By Emma Kopelowicz
I have been so stressed lately to the point where crying in public places has become the new normal. Between school, extracurriculars and the crippling weight of young adulthood, I feel like the pressure is always on. I imagine myself as one of those hamsters in a pet store running on a wheel as I rush between classes and meetings. My brain is in constant overdrive, and nothing seems to be slowing down.
I was never this stressed in high school, so my suspicion is that all this recent tension is motivated by the “college scaries” of being on my own and making decisions for myself. I’m the one creating my own schedule and getting myself from place to place. The moment I get one thing checked off my endless to-do list, I start to think about the future tasks I’m going to have to get done. I know this is definitely not the healthiest mindset, but I’m working on it, I promise.
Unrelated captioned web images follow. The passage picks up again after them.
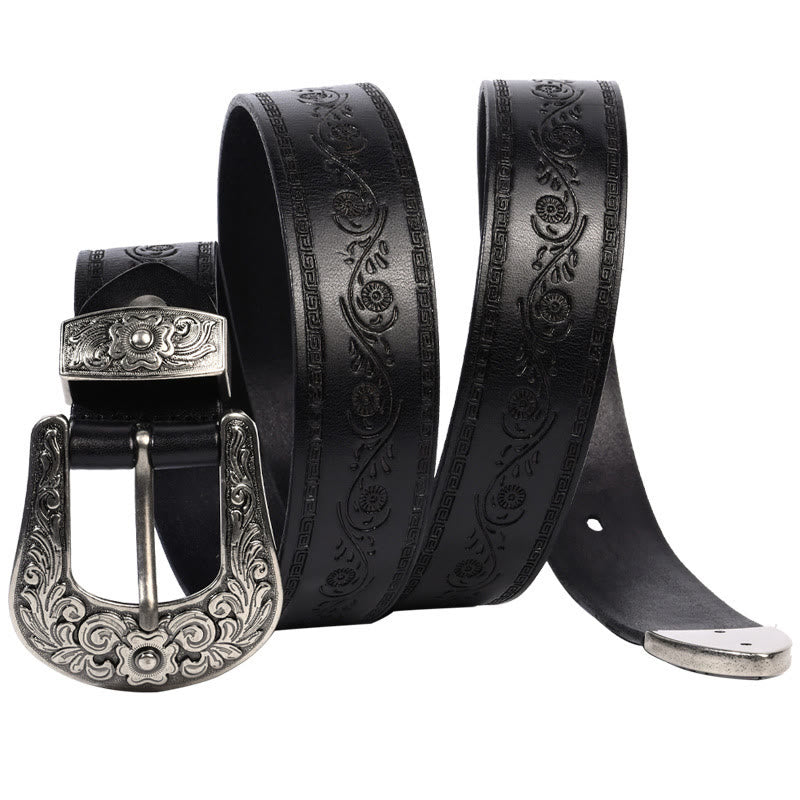 Silver Buckle Buckle Western Embossed Leather Belt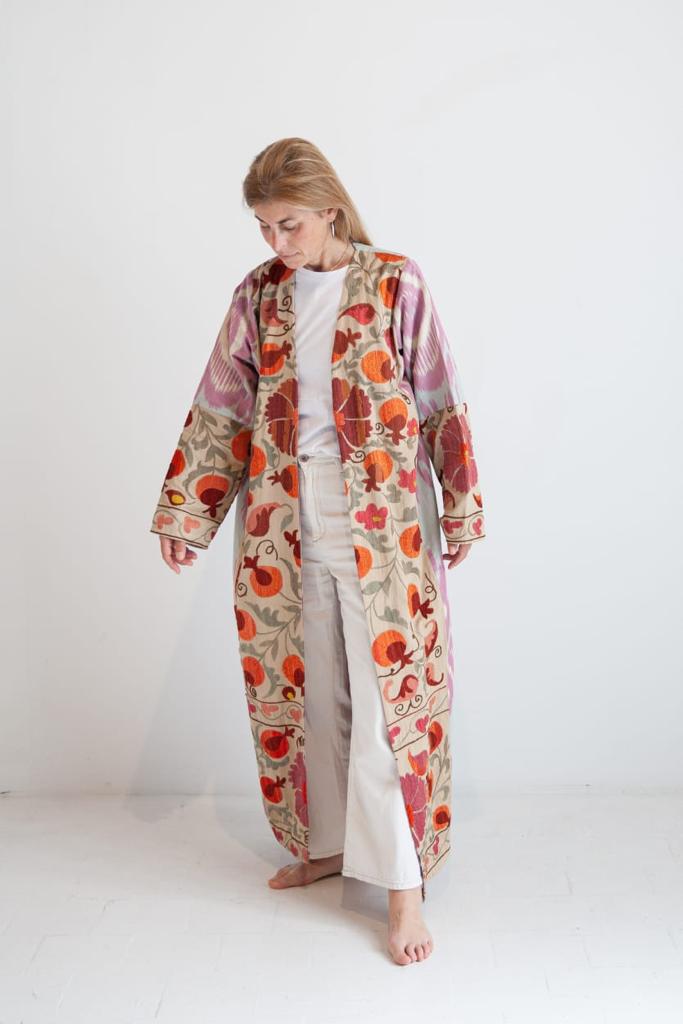 Long kimono Suzani + ikat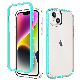  360 Degree High Clear Case PC Bumper in Solid Colors for iPhone 15 Plus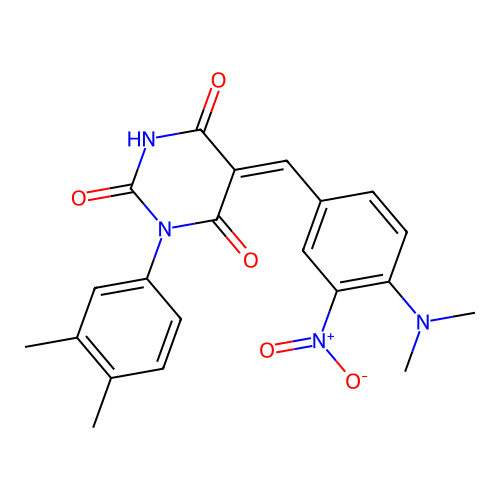 5-[4-(dimethylamino)-3-nitrobenzylidene]-1-(3,4-dimethylphenyl)-2,4,6(1H,3H,5H)-pyrimidinetrione structure
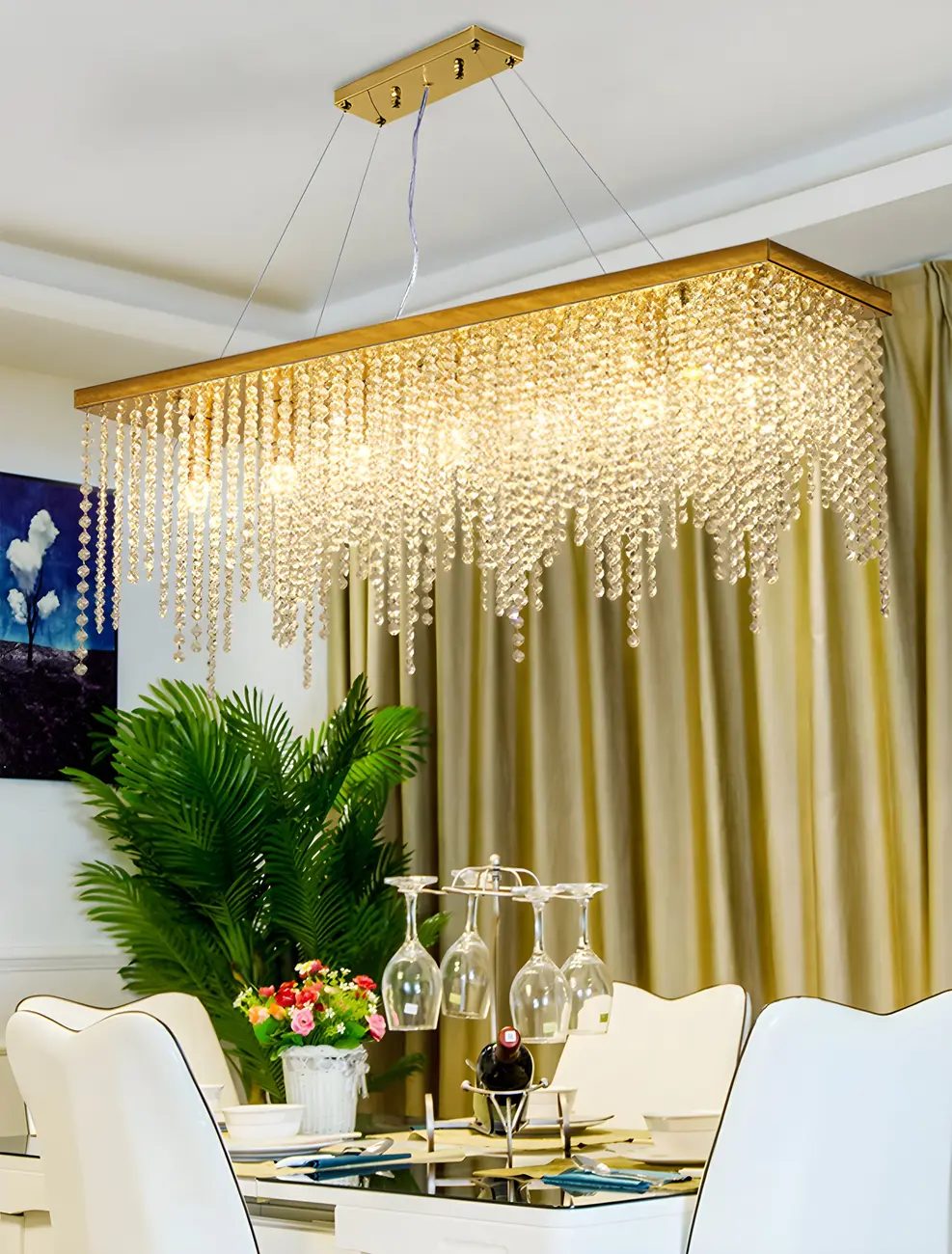 Kitchen Luxury Modern Gold Crystal Pendant Light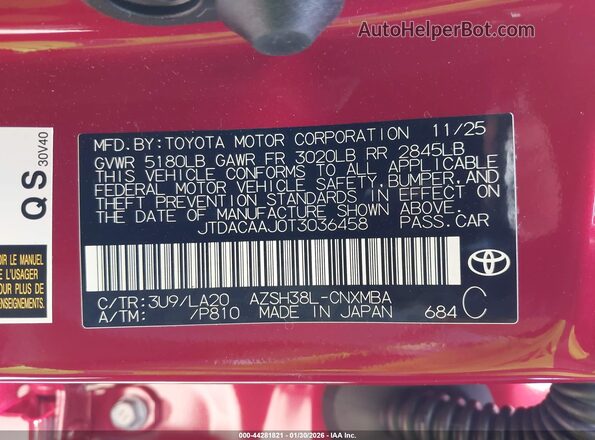 JTDACAAJ0T3036458 2026 TOYOTA CROWN Красный Вид подкапотного пространства
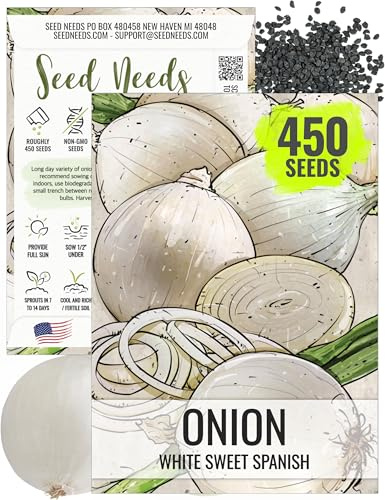 Seed Needs White Sweet Spanish Onion Seeds to Plant Heirloom 1 Pack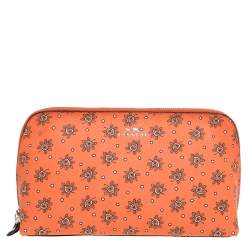 Coach Orange Bloom Print Coated Canvas Cosmetic Pouch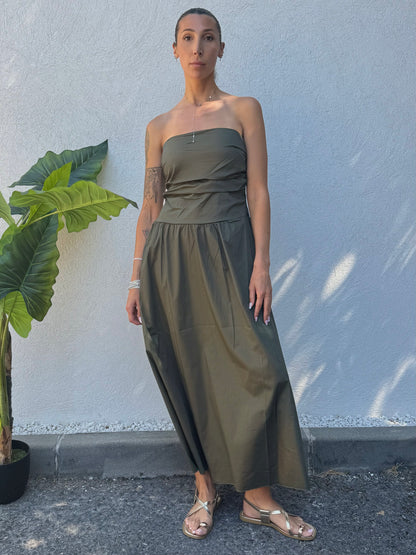 🌿 Robe Longue Bandeau – kaki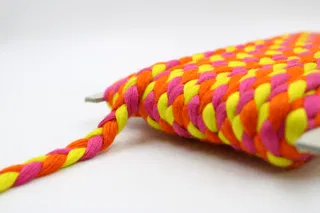Hot Pink, Orange and Lemon Yellow Choti Dori Braided Trim sample, design MT-1D755B34, view 2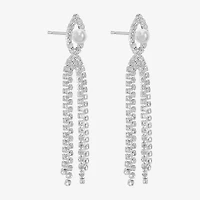 Monet Jewelry Timeless Womens Glass Simulated Pearl Hypoallergenic Drop Earrings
This semester, my anxiety levels had reached an all time high, and for a long time, I didn’t know what to do about it. To be quite frank, I still don’t. But I have found little ways to calm myself down. Most recently I tried out a de-stressing strategy that my mom suggested over a long, tearful phone call (on my end, that is) on the COM lawn. As mentioned previously, crying in public places isn’t really an issue for me anymore.
She told me to take a walk. That’s right, just one foot in front of the other. It’s an activity I typically associate with the geriatric crowd, and those who are paid to give other people’s dogs some exercise.
I rolled my eyes at the idea, which fortunately my mom couldn’t see. I brushed this suggestion off just like all of the other times people gave me recommendations about how to “stop stressing.”
And then like a typical teenager, I begrudgingly took her advice without telling her about it. The next afternoon, I decided to take the scenic route home. It was just me, my playlist and the open sidewalk.
The brownstone-lined streets of Brookline were bursting with the rich hues of the fall leaves. I hadn’t been able to admire the city’s foliage before then, even though I promised myself I would. I could feel the crunch of every fallen leaf below my boots as the cool breeze blew gently around me. The quiet beauty of these back streets felt so refreshing. I was only a block off from the hustle and bustle of Commonwealth Avenue, and yet I felt worlds away.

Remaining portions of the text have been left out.